Whatever my other shortcomings, unlike Eric Morecambe, I have spent most of my life coming up with words and putting them in the right order. I’ve written practically everything in my time (some of it voluntarily). After 20 years in Whitehall, producing anything from public pamphlets to troublesome Government Ministers’ speeches, I am now a self-employed writer. (The commute is better, but the boss is a right cow).
I suppose the thread that runs through my writing is ‘what lies beneath’ – the things we do not say, the truths we hide. In fiction, as in real life, I am most interested in our flaws and fears, and our honest struggles with the, largely unseen, psychological and emotional challenges of this life. I have become a bit of an expert in fear over the years – I am a lifelong sufferer of anxiety, and have a PhD in stage fright. Both are a profound inconvenience, but it does, perhaps, give me a deeper understanding of people, and I am drawn to writing which balances plot and character with plenty of insights into our human condition.
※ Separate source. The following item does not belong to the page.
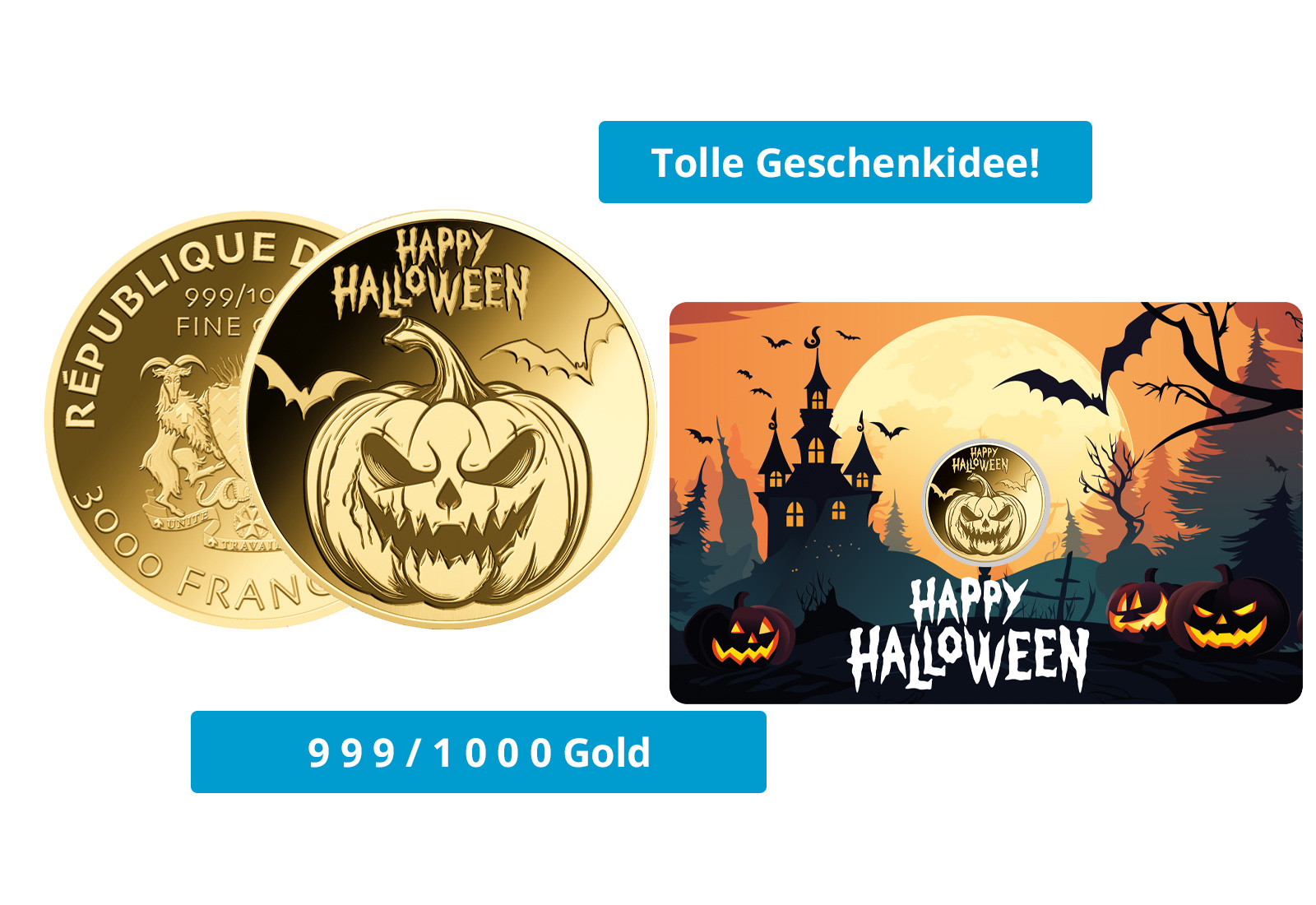 Goldmünze Motiv "Halloween-Kürbisse" Coincard Feinheit 999/1000 Gold Geschenk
My characters are flawed and lost, but they evolve and find their way – in the end – with a little help, and a little humour. Whatever their shortcomings, I like to bring them to a place of hope.
In that, I am a great believer in the healing power of humour, and a little larger than life escapism. There is always room in my books for both, and always room in my life for a Downton Abbey or a Richard Curtis film. And the best self-help book I have ever read is by Jimmy Carr.
When I’m not writing, I sing, play the drums and grow vegetables. I live in rural Herefordshire, on the border of England and Wales, with my partner and a deaf cat called Malcolm. I am currently learning Welsh and lip reading. Neither has made any impact on Malcolm.